A sintonia das visões dos colaboradores (McQuarrie como diretor e Tom Cruise como produtor) exibe um alinhamento tanto na forma de ver Ethan Hunt, como na forma de ver a equipe. Criou-se um espírito familiar na franquia, essencial para que fãs criassem um vínculo emocional não apenas com Ethan Hunt, mas com quem o cerca. Acompanhamos Missão: Impossível também por nos sentirmos pertencentes ao IMF, depois de todos esses anos. Sobre esse assunto, a introdução de uma nova personagem na família eio com o preço do adeus para outra: dissemos adeus à Ilsa e olá para Grace. Uma troca que não me pareceu muito justa, mas que certamente me gerou um enorme impacto, algo que só poderia acontecer pela construção impecável da personagem de Rebecca Ferguson ao longo dos últimos filmes.
Além disso, em Acerto de Contas, tudo é mais grandioso. Por exemplo, a perseguição nas ruas estreitas de Paris em Fallout, agora é deslocada para as ruas de Roma, com maior duração e mais frontal na sua abordagem exagerada e cômica do cinema de gêneros. O uso da máscara continua como último recurso e se consolida, mais uma vez, como um dispositivo que serve à narrativa tanto quanto filmes servem ao cinema: como uma válvula de escape que representa a farsa no cinema. Uma farsa que não tem interesse algum em se comprometer com o real.
Essa cena que só vai perder para a sequência do deserto, que tem inspiração clara em videogames e ressalta a cada vez maior a gamificação da sétima arte. M:I 7 entra na onda de algo que já vimos em filmes recentes como Maligno e John Wick 4, mas ao seu próprio modo, com sua assinatura. A cena do trem também é muito bem executada e lembra em parte do recente Trem-Bala, filme do diretor Brad Bird – também diretor do quarto filme da franquia M:I.
Mais uma vez, agora sob uma nova e importante problemática mundial, nosso interesse sobre a franquia se renova. A farsa com a qual teremos de lidar dessa vez se aproxima muito mais de nós e do nosso mundo do que jamais esteve. Quando que Brian De Palma, no primeiro filme da franquia, teria pensado que em 2023 teríamos máscaras no mundo real, deep fakes? Pessoas se passando por outras e proferindo palavras através da imagem de outrem, gerando as mais inimagináveis consequências? Quanto mais desenvolvemos tecnologias maiores as propostas que cercam um filme como esse parecem tangíveis.

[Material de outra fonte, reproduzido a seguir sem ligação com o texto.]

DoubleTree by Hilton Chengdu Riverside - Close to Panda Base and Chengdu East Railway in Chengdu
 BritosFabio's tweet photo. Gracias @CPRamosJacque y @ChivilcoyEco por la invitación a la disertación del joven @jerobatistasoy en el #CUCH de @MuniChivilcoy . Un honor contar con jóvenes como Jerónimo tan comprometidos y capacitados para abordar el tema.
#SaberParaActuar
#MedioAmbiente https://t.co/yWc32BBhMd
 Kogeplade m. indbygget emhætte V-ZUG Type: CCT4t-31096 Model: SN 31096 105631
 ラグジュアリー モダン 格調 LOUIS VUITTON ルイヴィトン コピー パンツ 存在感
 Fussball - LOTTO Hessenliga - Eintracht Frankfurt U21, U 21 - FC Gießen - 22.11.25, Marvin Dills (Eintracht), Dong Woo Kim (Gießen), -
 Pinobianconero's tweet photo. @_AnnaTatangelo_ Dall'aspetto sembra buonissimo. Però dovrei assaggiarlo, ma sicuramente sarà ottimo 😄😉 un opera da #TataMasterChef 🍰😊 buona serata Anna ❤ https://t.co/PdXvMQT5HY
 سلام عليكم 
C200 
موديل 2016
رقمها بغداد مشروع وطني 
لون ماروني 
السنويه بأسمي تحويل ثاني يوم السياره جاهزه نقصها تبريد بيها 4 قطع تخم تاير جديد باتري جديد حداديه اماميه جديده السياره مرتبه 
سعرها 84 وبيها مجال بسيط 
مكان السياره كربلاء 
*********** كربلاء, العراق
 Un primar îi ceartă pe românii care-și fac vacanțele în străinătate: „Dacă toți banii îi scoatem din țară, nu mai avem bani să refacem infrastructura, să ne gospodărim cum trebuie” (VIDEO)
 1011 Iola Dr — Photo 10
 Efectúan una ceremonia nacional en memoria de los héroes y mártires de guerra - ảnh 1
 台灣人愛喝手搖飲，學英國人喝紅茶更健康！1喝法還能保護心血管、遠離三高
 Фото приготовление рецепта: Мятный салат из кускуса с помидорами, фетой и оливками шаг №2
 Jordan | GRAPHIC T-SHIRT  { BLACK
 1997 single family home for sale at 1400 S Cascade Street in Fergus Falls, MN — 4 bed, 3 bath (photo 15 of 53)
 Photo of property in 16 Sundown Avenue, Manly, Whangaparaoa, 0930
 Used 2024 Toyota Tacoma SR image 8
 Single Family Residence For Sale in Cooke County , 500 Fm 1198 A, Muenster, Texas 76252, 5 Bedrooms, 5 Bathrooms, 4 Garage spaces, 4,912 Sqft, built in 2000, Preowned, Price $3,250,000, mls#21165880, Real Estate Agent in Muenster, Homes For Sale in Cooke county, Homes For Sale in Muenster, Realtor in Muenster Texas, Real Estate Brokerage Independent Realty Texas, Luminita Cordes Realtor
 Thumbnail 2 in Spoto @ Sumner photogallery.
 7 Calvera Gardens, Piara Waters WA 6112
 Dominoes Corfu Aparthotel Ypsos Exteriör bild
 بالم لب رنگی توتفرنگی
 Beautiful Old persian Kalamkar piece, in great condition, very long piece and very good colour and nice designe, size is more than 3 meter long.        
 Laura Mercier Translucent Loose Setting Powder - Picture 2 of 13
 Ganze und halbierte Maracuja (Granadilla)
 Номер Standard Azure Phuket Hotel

Acerto de Contas parte 1 representa o rompimento do véu que porventura separava as histórias de M:I da irrealidade voltada para cinema de ação de uma distopia futurista, de uma ficção-científica. Adentramos uma fase diferente e bastante atual dessa franquia em termos de abordagem de temas mesmo, algo que como eu disse antes, parece envelhecer como um bom vinho no cinema blockbuster, conquistando novos fãs (como eu) a cada filme e por isso também se mantendo relevante e estável por tanto tempo. Tom Cruise e Christopher McQuarrie amam o Cinema, e esse filme e o seu clímax representam exatamente isso, sendo comprometidos e apaixonantes o suficiente para nos levar ao Cinema mais uma vez e fazer História.